Work to complete: Give again, word for word, the lines below that run from the line with "Medieval building tools" through the line with "Miyotaa Abstract Modern". Drop the pictures.

Provided entries:
────────

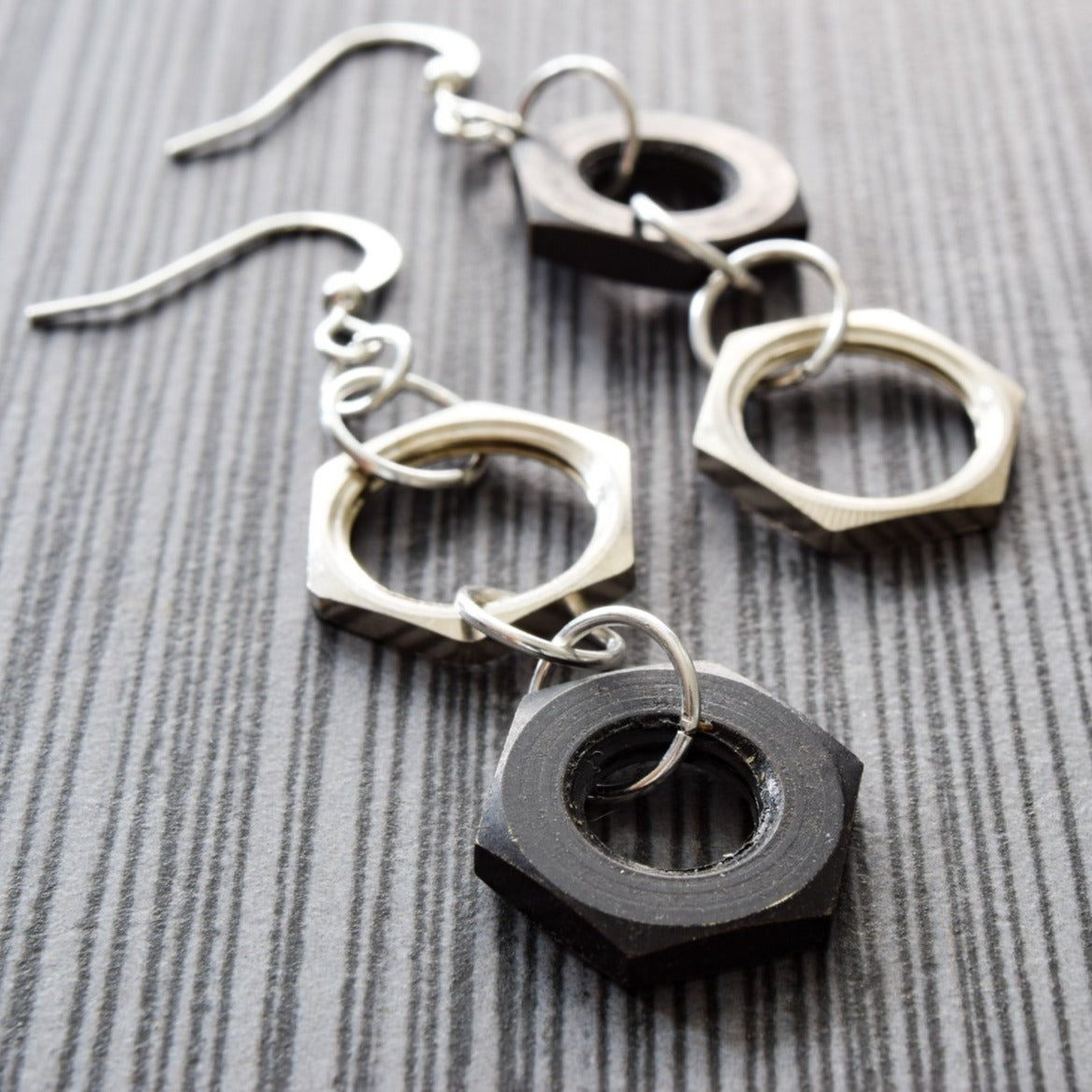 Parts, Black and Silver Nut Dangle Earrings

────────

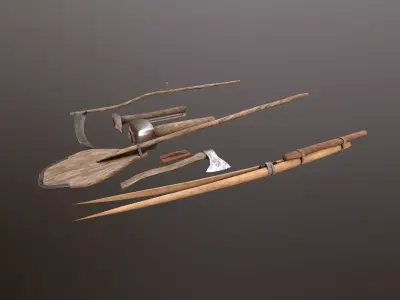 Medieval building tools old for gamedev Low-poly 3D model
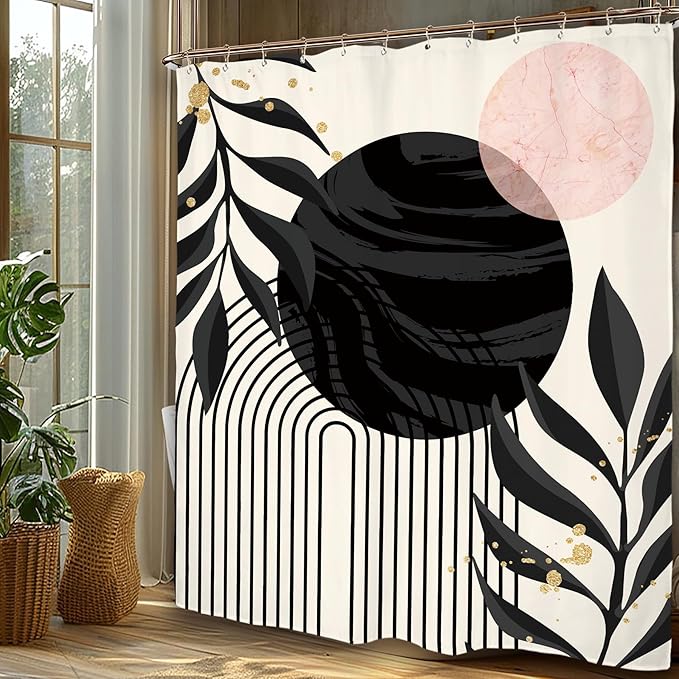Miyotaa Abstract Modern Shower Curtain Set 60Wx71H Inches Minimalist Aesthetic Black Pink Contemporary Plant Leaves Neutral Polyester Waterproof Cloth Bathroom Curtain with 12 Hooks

────────

Result of the task:
 Medieval building tools old for gamedev Low-poly 3D model
Miyotaa Abstract Modern Shower Curtain Set 60Wx71H Inches Minimalist Aesthetic Black Pink Contemporary Plant Leaves Neutral Polyester Waterproof Cloth Bathroom Curtain with 12 Hooks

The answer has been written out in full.